Hey so I've been trying to install the new touch version of cwm but even though I rename the file to PG05IMG.zip it never recognizes it....I used revolutionary to root it so should I be doing something differently?

Sent from my ADR6400L using RootzWiki


----------



## mad96 (Aug 23, 2011)

karthikram93 said:


> Hey so I've been trying to install the new touch version of cwm but even though I rename the file to PG05IMG.zip it never recognizes it....I used revolutionary to root it so should I be doing something differently?
> 
> Sent from my ADR6400L using RootzWiki


Are you going into recovery to try and flash this or bootloader? It should be through bootloader unless you have a bad download then it will reconize your file IF its on the root of the sdcard.


----------



## karthikram93 (Nov 6, 2011)

Aahh yea I kept making the mistake of putting it in the place that root explorer opens up in instead of the SD card haha thx tho man

Sent from my ADR6400L using RootzWiki


----------



## bullhead00 (Jul 21, 2011)

I wasn't aware there was an official TWRP 2.0 release for the Thunderbolt yet. Is it stable to run or experimental only?

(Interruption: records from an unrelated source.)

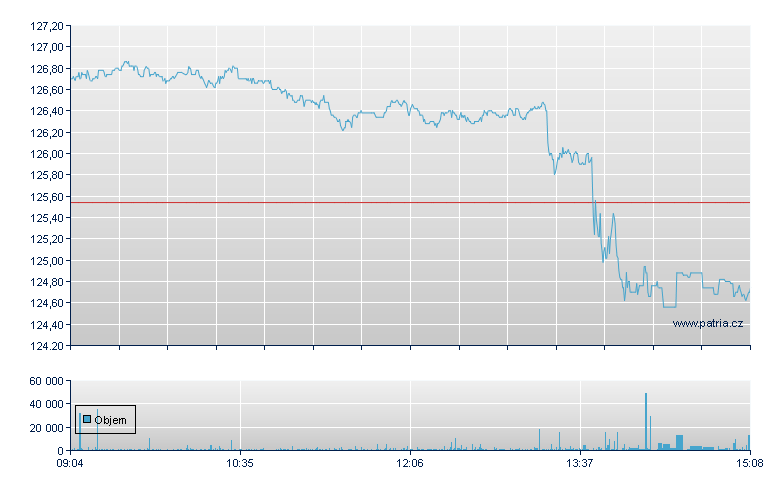VANGUARD FTSE ALL-WORLD UCIT - Amsterdam Stock Exchange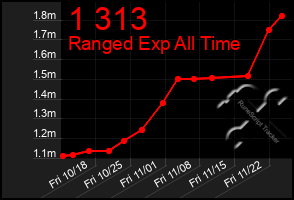 Total Graph of 1 313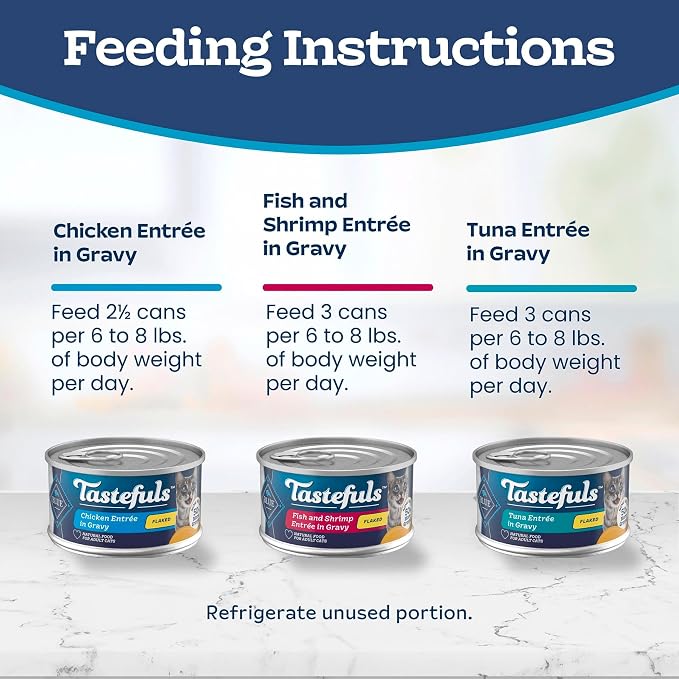 Blue Buffalo Tastefuls Variety Pack Wet Cat Food, 3 oz, 24 ct | Tuna, Chicken & Fish and Shrimp Entrées in Gravy (8 of Each), No Corn, Wheat, or Soy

Sent from my ADR6400L using RootzWiki


----------



## Dark Jedi (Nov 3, 2011)

Been running it for weeks now and I have no issues with it. Seems stable and I have flashed many roms Nd made many back ups and restored back ups many time. I like the touch screen version over the volume rocker.

Sent from my ADR6400L using Tapatalk


----------



## pcar1947 (Jul 11, 2011)

Ran Twrp for several weeks no issues until yesterday. Tried to flash a rom and received e: sdcard not recognized notification. Would not read sd card. Reflashed original CW problem went away.

Sent from my ADR6400L using RootzWiki


----------



## Wynnded (Jul 16, 2011)

I ran it for what must have been over a month. I never had any issues until I needed to try to restore a backup. I couldn't get it to restore no matter how recent the backup was made, even if it was made the same day. It seems that there _may_ be occasional issues for individuals, but overall it's really quite slick.


----------



## karthikram93 (Nov 6, 2011)

Yea actually I only ran twrp for a week or so but after i tried restoring to a backup that i made just before flashing another rom it would just sit at the HTC screen forever....I had to flash another rom and get CWM back to restore to a previous backup lol


----------



## kidhudi (Nov 7, 2011)

karthikram93 said:


> Yea actually I only ran twrp for a week or so but after i tried restoring to a backup that i made just before flashing another rom it would just sit at the HTC screen forever....I had to flash another rom and get CWM back to restore to a previous backup lol


same thing happened to me. just sits at the HTC screen I am back to CWR as well. it is a shame because i liked the touchscreen aspect.I will try RZR tomorrow it has touch as well.


----------